COOKED

Mario Carbone Dines Out on Drama

Mario Carbone

Photo courtesy of Mario Carbone and Gnazzo Group.

J LEE: Thank you for taking the time. I know you must be insanely slammed right now.

MARIO CARBONE: That’s alright. Happy to do it.

LEE: You guys opened Friday?

CARBONE: Yeah.

LEE: What stuff do you have left to do before the opening?

CARBONE: It’s death by paper cuts right now. So, uh, thousands of little, little details. But, you know, it’s opening a restaurant.

LEE: Yeah. How many is this now?

CARBONE: It’s in the 50s?

LEE: I was just looking through my email, and I applied to work at Torrisi right before you guys were opening in 2009. I have an email from December 2nd to set up an interview.

CARBONE: That’s crazy.

LEE: Yeah, who is this? Nicole? Is that someone—

CARBONE: Yeah, she was the number one employee, really. It was me, Rich, and Nicole. We had one or two other people with us in the kitchen, but there were like five of us.

LEE: That’s crazy. I never showed up for the interview. [Laughs] All the time I’m like, what if I had? I could be part of this empire.
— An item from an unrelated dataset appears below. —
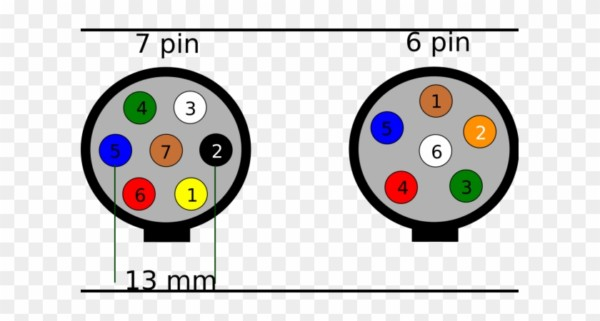 7 Pin To 6 Pin Trailer Wiring Diagram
CARBONE: [Laughs] You could have been employee number two.

LEE: No, I mean I was trying to be a barista. Is this your first restaurant in Las Vegas?

CARBONE: It’s our third.

LEE: What’s the vibe?

CARBONE: It starts with its location. It’s on a pretty heritage site as far as Las Vegas goes. It’s in the old Picasso space in the Bellagio here. Right on the water, right on the fountains. It’s a very, very special location, and we wanted to make sure that we made something that was one of one for this space. It’s a fish-forward Carbone restaurant with tons of newness. For those who are very familiar with the Carbone brand, there’s a ton of new food content to the design, the uniforms. It’s definitely a fresh take on the Carbone brand.
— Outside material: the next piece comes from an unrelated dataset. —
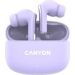 Obrázok pre výrobcu Canyon TWS-9, OnGo 9, True Wireless Stereo BT 5.4 slúchadlá do uší, 6 + 24h výdrž, nabíjacia stanica v kazete, fialové
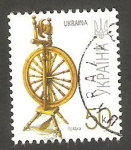 Stamps : Europe : Ukraine :  Una rueca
LEE: How would you define the Carbone brand?

CARBONE: The Carbone brand is a mid-century fine dining Italian-American restaurant or lifestyle.

LEE: Lifestyle.

CARBONE: Yeah, for sure it’s a lifestyle.

LEE: What would you say is the through line across all of the Major Food Group restaurants?
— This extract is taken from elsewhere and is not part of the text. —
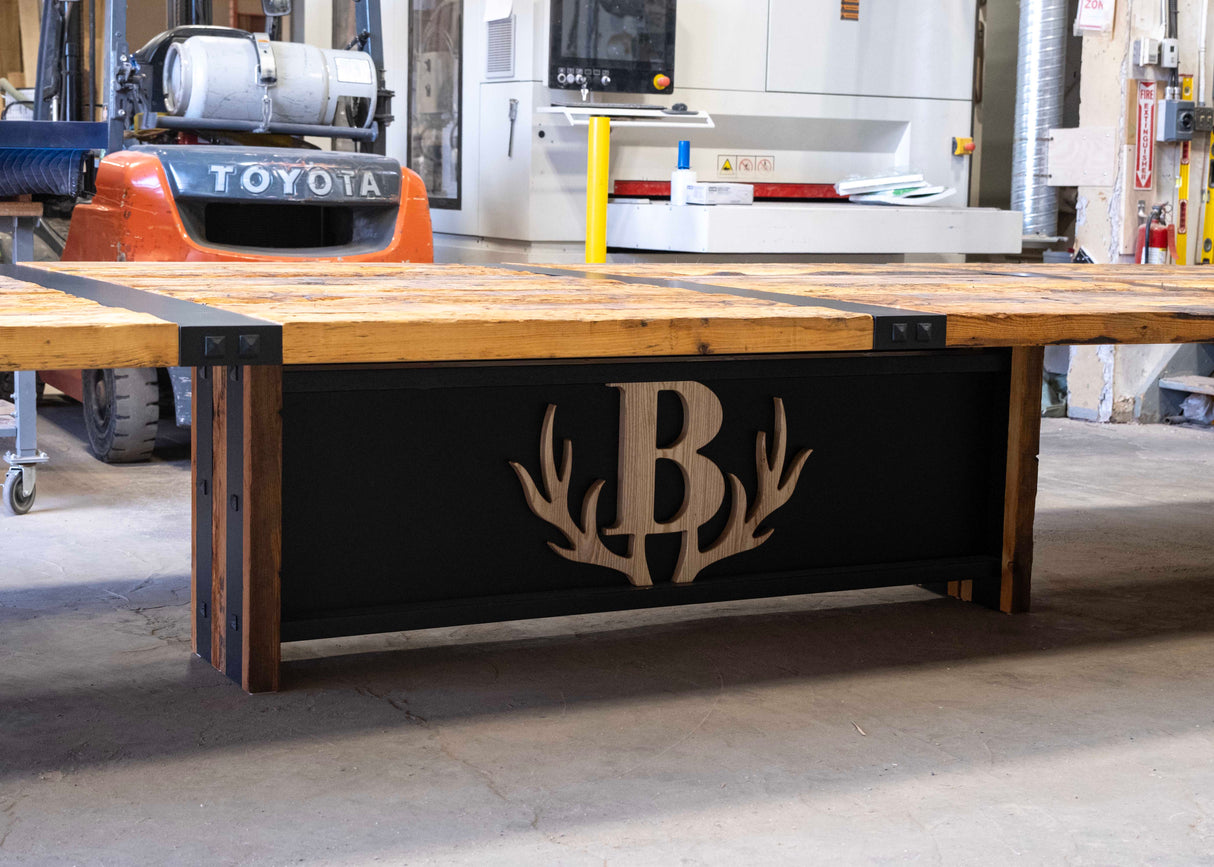 24' Reclaimed Pine Dining Table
CARBONE: Theater. Call it experiential, theatrical, thematic, whatever words you want to use. But we are more than just a meal. We’re a night out.

LEE: I remember the first time I went to Carbone. It was my girlfriend’s mom’s 60th birthday, and my girlfriend’s dad was out of town, and the waiter was just like a flirty Italian guy from a movie. He was really turning it on. She was like in love with him. This is the real razzle-dazzle. So yeah, you guys never back away from the drama.

CARBONE: That’s kind of what we do.

LEE: Would you say this is the most dramatic—the Las Vegas location?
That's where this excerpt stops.